The old and new view on human error

In the field of Resilience Engineering, safety professors like Sidney Dekker and Erik Hollnagel frequently explain concepts by grouping the idea of a ‘human error’ into two categories, the old view and the new view.

Old view

The “old view” blames people, the individuals who “caused” an accident as the problem. Under this view, complex systems are generally considered to be well-designed and completely safe, if not for the behavior of humans doing unsafe things: The ‘human errors’.

Subsequently, the old view focuses on minimizing mistakes by these humans. When accidents happen and people make mistakes, or deviate from official processes or procedures, the focus is on their behavior.

To address the problem, old view methodologies try to improve safety through the introduction of more regulation, training or punishment (deterrence) to prevent recurrence.

In order to not have safety problems, people should do as they are told. They should be compliant with what managers and planners have figured out for them. Indeed, managers and others above them are smart—they have put in place those treatises, those prescriptive procedures, those safety rules.

All the dumb operators or practitioners need to do is follow them, stick to them! How hard can that be?

Apparently it can be really hard. But the reason is also clear: it is because of people’s negative attitudes which adversely affect their behaviors. So more work on their attitudes (with poster campaigns and sanctions, for example) should do the trick.

This view, the Old View, is limited in its usefulness. In fact, it can be deeply counterproductive. It has been tried for decades, without noticeable effect.

Sidney Dekker in The field guide to understanding human error.

New view

The “new view” on ‘human error’ takes a different look at safety problems. Instead of marking human behavior as the culprit in accidents, it considers this ‘human error’ as merely a symptom of deeper underlying issues within the organization.

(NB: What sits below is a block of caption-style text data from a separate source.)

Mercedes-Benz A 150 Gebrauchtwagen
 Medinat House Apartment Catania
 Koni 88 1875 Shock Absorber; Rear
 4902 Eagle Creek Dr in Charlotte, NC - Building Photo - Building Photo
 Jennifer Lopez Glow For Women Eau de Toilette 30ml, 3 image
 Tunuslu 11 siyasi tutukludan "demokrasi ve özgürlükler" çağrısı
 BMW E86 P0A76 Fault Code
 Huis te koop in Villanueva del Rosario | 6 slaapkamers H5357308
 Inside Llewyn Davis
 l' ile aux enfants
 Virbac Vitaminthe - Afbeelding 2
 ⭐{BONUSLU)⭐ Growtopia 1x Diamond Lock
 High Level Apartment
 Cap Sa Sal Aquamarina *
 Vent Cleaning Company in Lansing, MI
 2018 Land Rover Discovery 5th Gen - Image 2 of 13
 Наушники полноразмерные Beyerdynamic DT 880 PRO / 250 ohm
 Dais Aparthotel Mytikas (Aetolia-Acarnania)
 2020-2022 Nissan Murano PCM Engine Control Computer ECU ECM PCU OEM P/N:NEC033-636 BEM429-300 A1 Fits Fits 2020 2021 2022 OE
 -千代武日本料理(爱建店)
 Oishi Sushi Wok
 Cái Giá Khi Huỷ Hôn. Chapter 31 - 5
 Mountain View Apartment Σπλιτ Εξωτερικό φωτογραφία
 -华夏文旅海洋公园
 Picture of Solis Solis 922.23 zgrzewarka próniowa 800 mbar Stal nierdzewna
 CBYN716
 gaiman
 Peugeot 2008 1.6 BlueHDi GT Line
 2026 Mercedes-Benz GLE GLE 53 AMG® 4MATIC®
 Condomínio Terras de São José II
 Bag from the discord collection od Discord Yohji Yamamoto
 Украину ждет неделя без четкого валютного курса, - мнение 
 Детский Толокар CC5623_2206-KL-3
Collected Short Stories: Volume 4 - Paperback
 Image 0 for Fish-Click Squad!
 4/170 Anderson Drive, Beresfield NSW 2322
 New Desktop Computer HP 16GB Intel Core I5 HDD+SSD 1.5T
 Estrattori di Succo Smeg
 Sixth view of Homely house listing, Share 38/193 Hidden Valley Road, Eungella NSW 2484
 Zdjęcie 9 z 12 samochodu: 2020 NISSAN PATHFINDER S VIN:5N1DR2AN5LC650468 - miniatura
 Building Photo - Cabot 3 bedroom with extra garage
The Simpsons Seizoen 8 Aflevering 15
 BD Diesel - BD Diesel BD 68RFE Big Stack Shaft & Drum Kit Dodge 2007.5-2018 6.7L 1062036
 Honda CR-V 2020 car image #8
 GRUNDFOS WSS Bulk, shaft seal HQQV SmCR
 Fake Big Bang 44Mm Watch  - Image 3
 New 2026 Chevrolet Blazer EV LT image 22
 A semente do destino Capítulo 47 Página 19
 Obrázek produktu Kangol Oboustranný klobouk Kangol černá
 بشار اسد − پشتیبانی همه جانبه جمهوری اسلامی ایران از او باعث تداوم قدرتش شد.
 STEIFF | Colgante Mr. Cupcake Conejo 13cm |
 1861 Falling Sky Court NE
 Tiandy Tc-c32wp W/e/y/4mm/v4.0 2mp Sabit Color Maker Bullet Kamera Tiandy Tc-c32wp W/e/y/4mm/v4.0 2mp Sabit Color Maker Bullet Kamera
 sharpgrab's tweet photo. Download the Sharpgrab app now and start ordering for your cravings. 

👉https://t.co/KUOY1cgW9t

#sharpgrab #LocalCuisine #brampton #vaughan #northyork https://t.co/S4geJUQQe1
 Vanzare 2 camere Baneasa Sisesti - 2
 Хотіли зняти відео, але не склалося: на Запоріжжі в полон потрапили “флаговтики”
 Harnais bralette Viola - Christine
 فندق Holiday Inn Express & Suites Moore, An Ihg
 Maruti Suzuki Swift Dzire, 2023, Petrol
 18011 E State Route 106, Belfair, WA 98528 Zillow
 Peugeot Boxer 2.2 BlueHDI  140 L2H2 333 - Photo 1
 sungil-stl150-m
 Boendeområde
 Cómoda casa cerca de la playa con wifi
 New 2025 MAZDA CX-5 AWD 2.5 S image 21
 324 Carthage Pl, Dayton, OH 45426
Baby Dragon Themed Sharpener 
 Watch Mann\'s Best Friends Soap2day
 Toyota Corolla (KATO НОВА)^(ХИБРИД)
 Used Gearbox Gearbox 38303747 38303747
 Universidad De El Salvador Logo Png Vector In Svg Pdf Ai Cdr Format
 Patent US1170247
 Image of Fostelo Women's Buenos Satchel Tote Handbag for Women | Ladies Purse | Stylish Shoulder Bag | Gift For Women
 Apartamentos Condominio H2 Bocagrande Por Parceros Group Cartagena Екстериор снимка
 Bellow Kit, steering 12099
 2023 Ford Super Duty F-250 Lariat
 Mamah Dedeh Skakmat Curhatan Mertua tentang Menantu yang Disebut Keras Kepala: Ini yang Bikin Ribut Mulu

This “new view” makes us take a step back to look at the larger picture when it comes to incident analysis. It acknowledges that we operate in highly complex socio-technical systems where our behavior is governed strongly by our environment, which is nearly always dynamic, constantly evolving and frequently ambiguous or contradictory.

In the New View, the behavior which we call ‘human error’ is not a cause of trouble. It is the consequence, the effect, the symptom of trouble deeper inside your organization. The New View assumes that people do not come to work to do a bad job. So when there are bad outcomes, you must look beyond those people, at the conditions in which they worked at the time.

You and your organization may well have helped create those conditions. Leave those conditions in place, and the same bad outcome may happen again—no matter how many sanctions you impose, posters you put up or safety attitude campaigns you launch.

Sidney Dekker in The field guide to understanding human error.

References

  • Dekker, Sidney. “The field guide to understanding human error” 3rd edition, extended, re-organized, simplified. Boca Raton, FL London New York: CRC Press, 2014.
  • Hollnagel, Erik. “NO View of Human Error” Accessed February 28, 2021.